Electron-hole droplet transport up to near-sonic velocity in Si

Abstract

In the past, several interesting effects have been observed in conducting systems where the carrier drift velocity is made to exceed the sound velocity. Nonlinear momentum damping and phonon amplification have been demonstrated in several materials (Cds,Ge,PbTe). However, high drift velocities with a high density of carriers produce immense current densities, which cause very rapid carrier and sample heating. This heating limits such transport studies to very short current pulses.
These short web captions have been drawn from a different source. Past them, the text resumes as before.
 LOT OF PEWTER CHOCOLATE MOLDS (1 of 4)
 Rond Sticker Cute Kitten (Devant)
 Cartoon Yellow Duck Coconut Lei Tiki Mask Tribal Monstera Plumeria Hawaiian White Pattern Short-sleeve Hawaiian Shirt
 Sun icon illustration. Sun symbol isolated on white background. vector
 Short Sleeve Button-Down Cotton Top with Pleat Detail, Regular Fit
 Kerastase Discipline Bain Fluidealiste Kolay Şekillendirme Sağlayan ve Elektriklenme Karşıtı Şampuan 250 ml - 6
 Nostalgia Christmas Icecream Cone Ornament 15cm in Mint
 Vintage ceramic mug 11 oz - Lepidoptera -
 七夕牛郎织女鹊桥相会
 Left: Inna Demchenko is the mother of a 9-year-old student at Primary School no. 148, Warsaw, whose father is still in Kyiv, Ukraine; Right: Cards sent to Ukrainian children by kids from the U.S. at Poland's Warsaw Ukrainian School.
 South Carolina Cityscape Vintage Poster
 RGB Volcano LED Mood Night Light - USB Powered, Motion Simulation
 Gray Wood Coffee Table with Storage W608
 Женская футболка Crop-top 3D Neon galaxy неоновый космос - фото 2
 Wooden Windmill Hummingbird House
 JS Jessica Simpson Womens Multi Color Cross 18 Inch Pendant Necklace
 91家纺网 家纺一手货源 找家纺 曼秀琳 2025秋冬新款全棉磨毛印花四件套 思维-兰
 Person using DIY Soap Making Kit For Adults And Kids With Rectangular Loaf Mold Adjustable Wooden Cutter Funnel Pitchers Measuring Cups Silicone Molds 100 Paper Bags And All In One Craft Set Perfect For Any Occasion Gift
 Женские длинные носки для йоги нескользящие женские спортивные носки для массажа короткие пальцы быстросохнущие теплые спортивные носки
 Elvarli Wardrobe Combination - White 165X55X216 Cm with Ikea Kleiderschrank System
In contrast, a dense, high-mobility system of photoexcited carriers in ultrapure Si allows more complete study of the near-sonic transport regime. The electron-hole liquid which condenses at low temperatures is a highly degenerate conductor. The liquid takes the form of electron-hole droplets (EHD's) of micrometer size and fixed density. The total amount of conducting volume is thus controlled by excitation level. The low carrier density (relative to a metal) and small volume of the liquid, together with the high droplet mobility, tremendously reduce the rate of sample heating by carrier-phonon scattering, compared to a normal metal. In our experiments, with $T\le 2.1$ K, the electrically neutral EHD's are accelerated by a strain-induced gradient in the semiconductor energy gap $E_g\mathrm{}\left(x\right)\mathrm{}$. The energy shift of the recombination luminescence peak gives the motive force per pair, $F_{\sigma }=-\frac{d{E}_g}{\mathrm{dx}}$. In this paper we report basic measurements of the EHD mobility in Si. The measured drift velocity $v_d$ is found to be proportional to $F_{\sigma }$ as long as $v_d$ is much less than the sound velocity $S$. We further find that the momentum damping rate, ${\tau }^{-1\mathrm{}}=\frac{F_{\sigma }}{m{v}_d}$, increases as $S$ is approached. For $v_d<0.9S$ the observed damping is consistent with a theory describing the absorption and re-emission of thermal phonons (D'yakanov and Subashiev, 1978). At low velocity the observed droplet mobility exhibits the rapid $T$ dependence predicted by the Bloch conductivity theory for a degenerate Fermi liquid. The data show a saturation in $v_d$ at $0.9S$ that indicates a sharp increase in damping. The thermal-phonon scattering theory does not predict such a velocity limit. However, a "sound barrier," due to the Cherenkov-type emission of phonons when $v_d\ge S$, has been predicted. We propose that the observed velocity saturation is due to this effect.